Face à un recul forestier vertigineux, le ministre Jacques Assahoré Konan sonne l'alarme depuis Fresco et donne le coup d'envoi d'une campagne de reboisement compensatoire inédite. L'agroforesterie s'impose désormais comme le levier stratégique pour réconcilier agriculture et nature.
16M ha
Superficie forestière initiale 3M ha
Superficie forestière actuelle -81%
Régression du couvert forestier
La Côte d'Ivoire fait face à l'une des déforestations les plus rapides du continent africain. En quelques décennies, le pays a perdu plus des trois quarts de ses forêts : de 16 millions d'hectares, le couvert forestier est tombé à seulement 3 millions aujourd'hui, soit une régression de 81 %. Un constat alarmant qui a conduit le gouvernement à accélérer sa politique de restauration environnementale.

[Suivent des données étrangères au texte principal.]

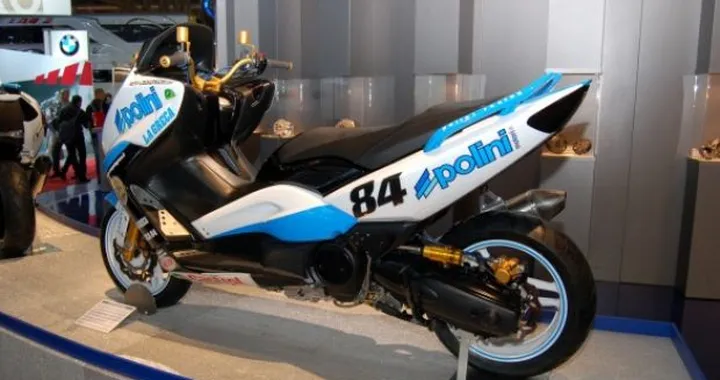 Live @ Eicma 2010: panoramica dello stand Polini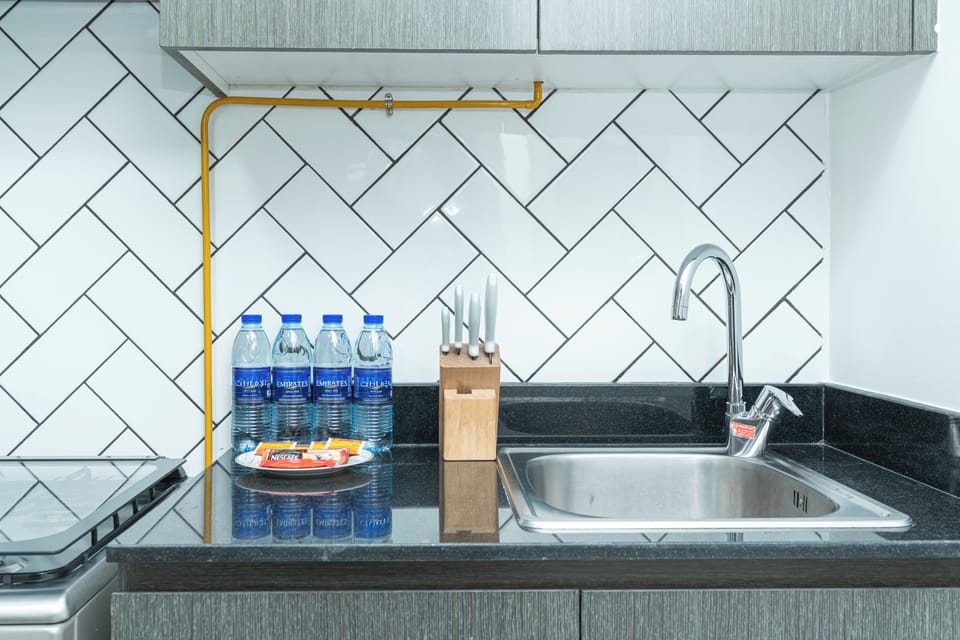 Exclusive Studio, Non Smoking, City View | Private kitchen | Full-size fridge, microwave, oven, stovetop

C'est dans ce contexte que le ministre des Eaux et Forêts, Jacques Assahoré Konan, a officiellement lancé la campagne de reboisement compensatoire depuis Fresco, une ville stratégiquement située à l'interface des écosystèmes forestiers et littoraux. Lors de cette visite inaugurale, le membre du gouvernement s'est imprégné de la mise en œuvre des conventions de concession des agroforêts d'Okromodou et de Monogaga, et a longuement échangé avec les communautés riveraines ainsi qu'avec les opérateurs de la filière forêt-bois de la région de San Pedro.
“ Le choix de Fresco n'est pas fortuit. Cette terre rappelle à chacun de nous le lien vital qui existe entre la forêt, l'eau, le climat, la biodiversité et le développement humain. Ici, plus qu'ailleurs, les effets de la dégradation se perçoivent avec acuité. ”
— Jacques Assahoré Konan, Ministre des Eaux et Forêts
Le reboisement compensatoire repose sur un principe simple mais exigeant : tout opérateur privé exploitant des ressources forestières est tenu de replanter des arbres en proportion des coupes effectuées. Cette approche vise à garantir la régénération progressive du patrimoine forestier national sans sacrifier les activités économiques.
L'agroforesterie — qui consiste à intégrer des arbres au sein des exploitations agricoles — constitue le pilier central de cette stratégie. Elle permet aux agriculteurs d'associer des essences forestières adaptées à leurs cultures, améliorant ainsi la fertilité des sols, la résilience des plantations face aux aléas climatiques, et la biodiversité locale. Loin d'être un frein à la production, ce modèle augmente durablement les rendements sur des superficies maîtrisées tout en préservant les forêts restantes.
Au-delà de l'impact écologique, cette politique ouvre la voie à une économie verte créatrice d'emplois. Des débouchés émergent notamment dans la production de plants forestiers, avec des pépinières géantes — comme celle visitée au carrefour Monogaga — qui représentent une nouvelle dynamique économique pour les jeunes et les communautés rurales. L'État mise ainsi sur une mobilisation collective : impliquer les populations locales dans le reboisement pour construire un développement plus respectueux de l'environnement.